Omitting every picture, copy the lines from the one that contains "Thảm lót cửa" through the last line of the records below, exactly and with nothing added.
══════════════════════════════
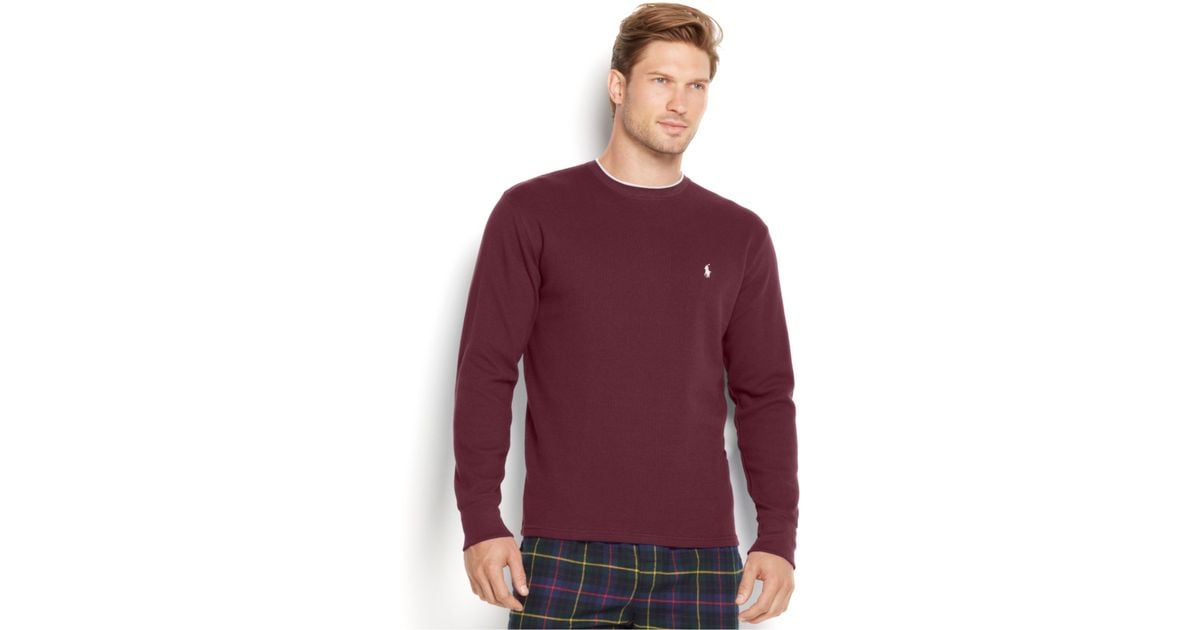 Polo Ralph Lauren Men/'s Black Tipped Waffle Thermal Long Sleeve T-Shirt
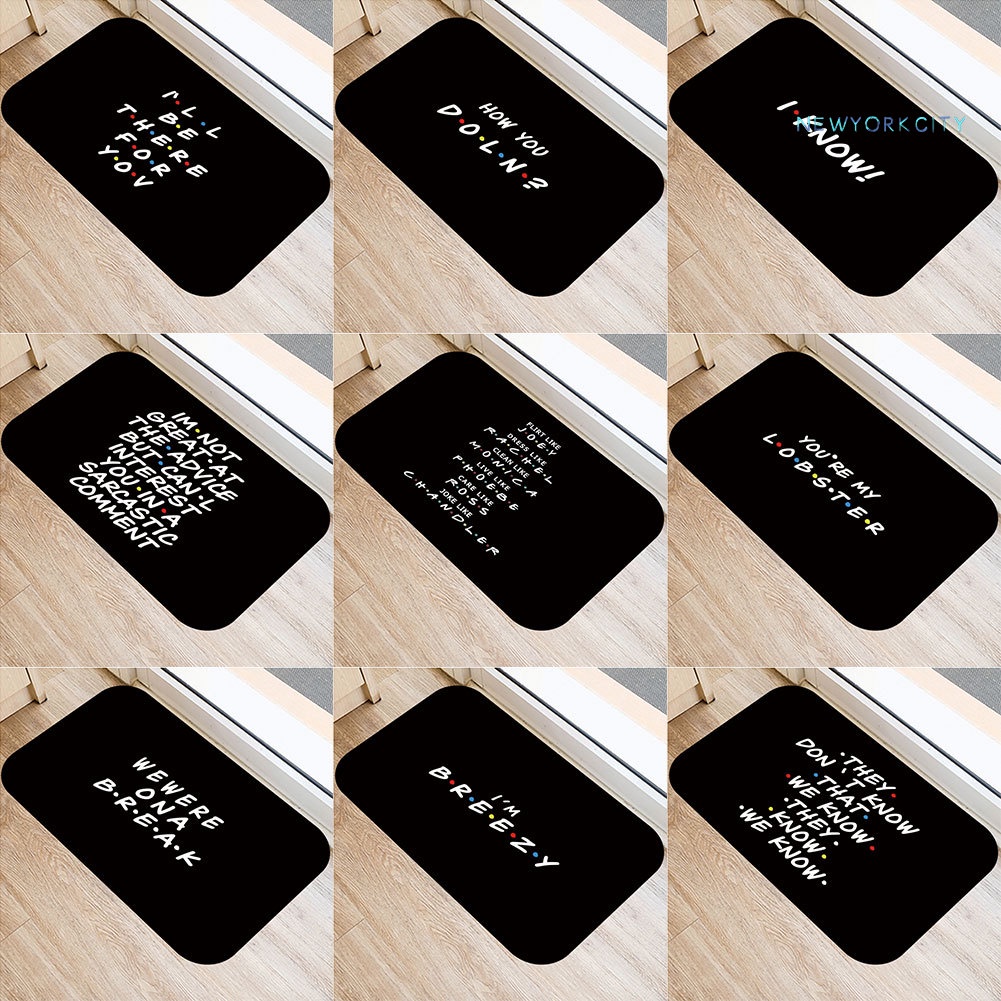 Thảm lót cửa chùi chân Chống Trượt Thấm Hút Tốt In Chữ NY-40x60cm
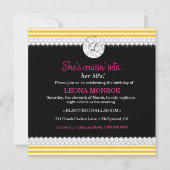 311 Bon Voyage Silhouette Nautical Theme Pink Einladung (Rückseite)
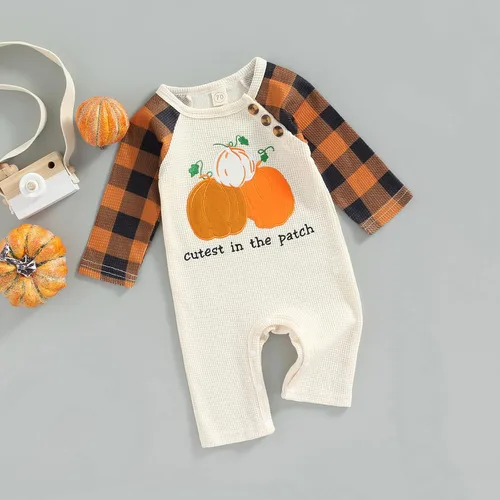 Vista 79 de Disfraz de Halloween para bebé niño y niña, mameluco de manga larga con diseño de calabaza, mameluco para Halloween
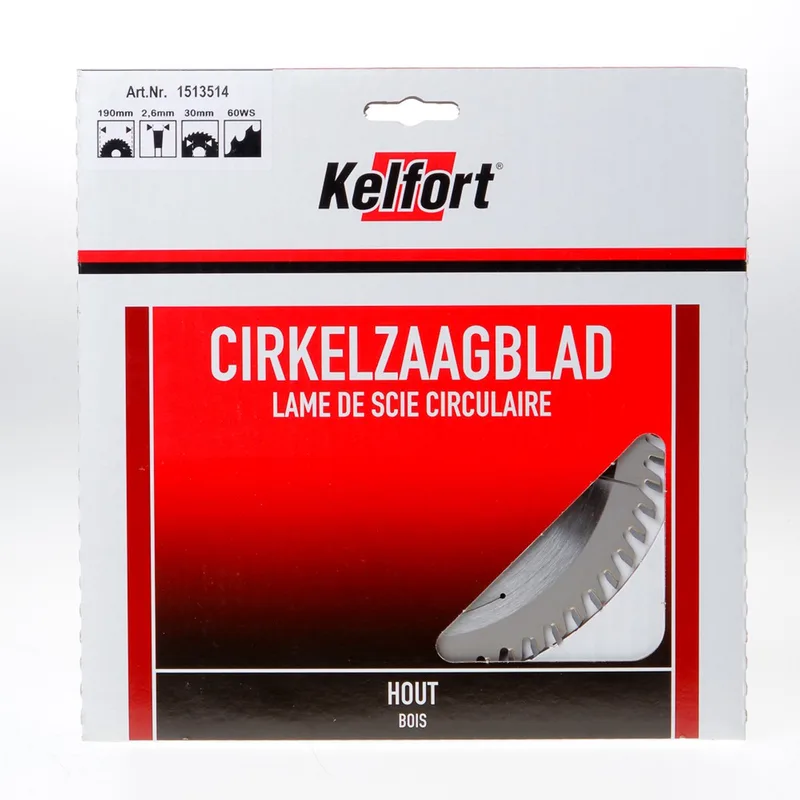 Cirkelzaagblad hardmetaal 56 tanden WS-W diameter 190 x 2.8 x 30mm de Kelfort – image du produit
══════════════════════════════
**Exercise response**
 Thảm lót cửa chùi chân Chống Trượt Thấm Hút Tốt In Chữ NY-40x60cm
 311 Bon Voyage Silhouette Nautical Theme Pink Einladung (Rückseite)
 Vista 79 de Disfraz de Halloween para bebé niño y niña, mameluco de manga larga con diseño de calabaza, mameluco para Halloween
 Cirkelzaagblad hardmetaal 56 tanden WS-W diameter 190 x 2.8 x 30mm de Kelfort – image du produit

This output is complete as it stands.